[[ Recorded data open ]]
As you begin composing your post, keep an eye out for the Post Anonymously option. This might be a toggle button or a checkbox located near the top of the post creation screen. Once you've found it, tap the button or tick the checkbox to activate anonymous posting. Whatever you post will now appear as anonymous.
[[ Recorded data closed ]]
[[ Recorded data open ]]
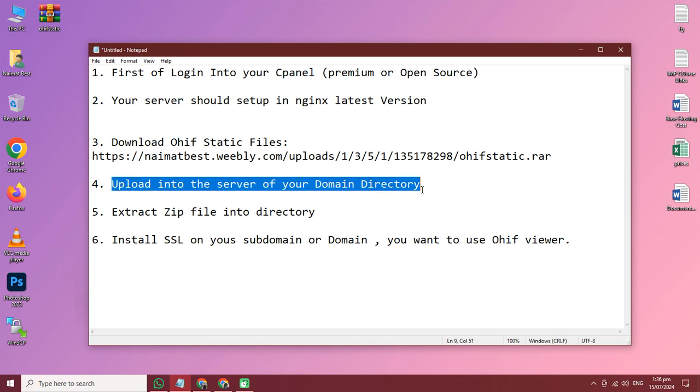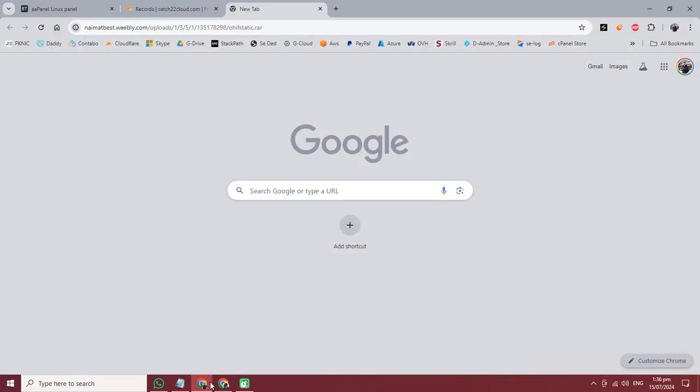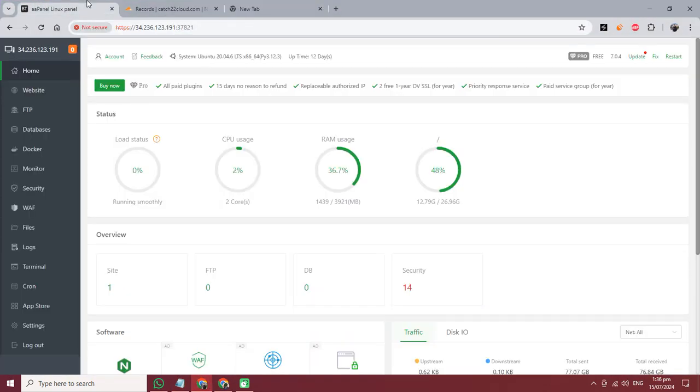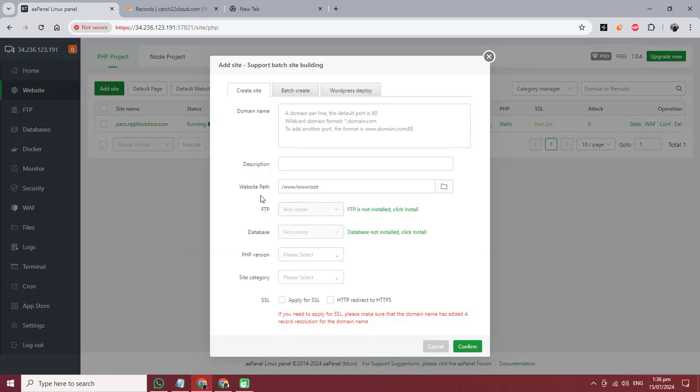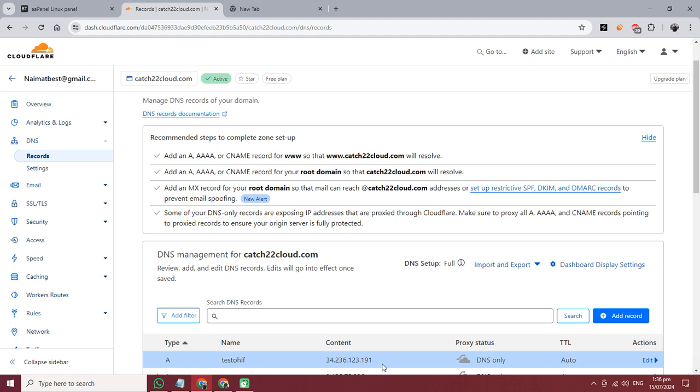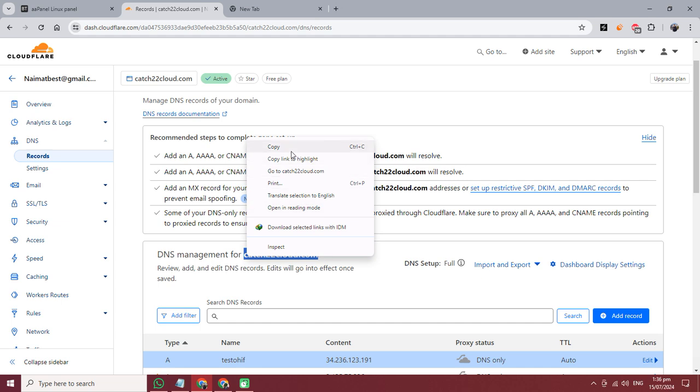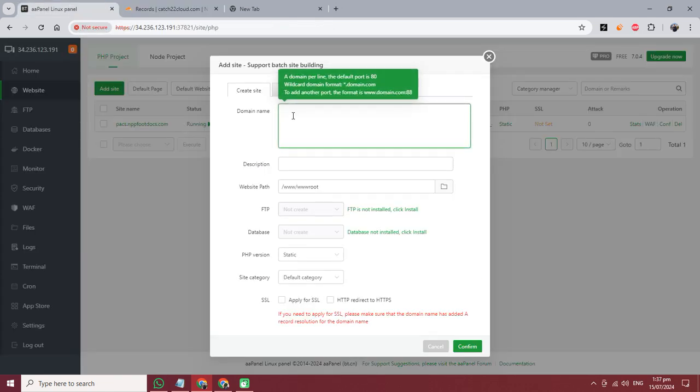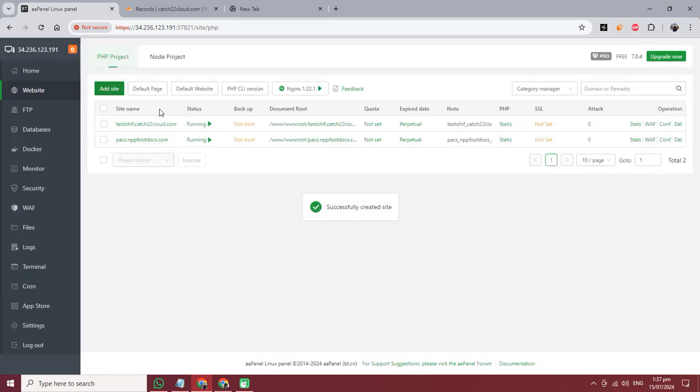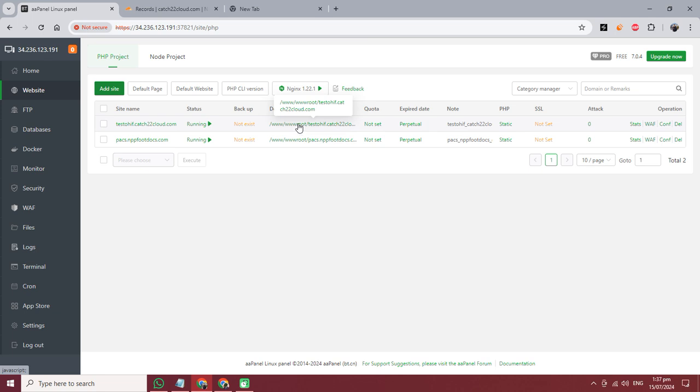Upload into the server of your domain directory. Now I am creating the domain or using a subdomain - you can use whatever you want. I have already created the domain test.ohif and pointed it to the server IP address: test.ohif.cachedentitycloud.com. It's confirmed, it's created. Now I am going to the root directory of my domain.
[[ Recorded data closed ]]
[[ Recorded data open ]]
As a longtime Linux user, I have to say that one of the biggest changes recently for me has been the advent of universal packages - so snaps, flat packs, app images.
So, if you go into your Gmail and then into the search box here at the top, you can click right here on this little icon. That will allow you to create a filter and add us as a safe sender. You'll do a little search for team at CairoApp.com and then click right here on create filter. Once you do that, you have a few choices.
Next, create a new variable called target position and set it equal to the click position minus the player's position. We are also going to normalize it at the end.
[[ Recorded data closed ]]
Task objective:
What you give back must be the stretch above, starting at the line with "So, if you go" and ending at the line with "Next, create a", copied exactly.

Solution:
So, if you go into your Gmail and then into the search box here at the top, you can click right here on this little icon. That will allow you to create a filter and add us as a safe sender. You'll do a little search for team at CairoApp.com and then click right here on create filter. Once you do that, you have a few choices.
Next, create a new variable called target position and set it equal to the click position minus the player's position. We are also going to normalize it at the end.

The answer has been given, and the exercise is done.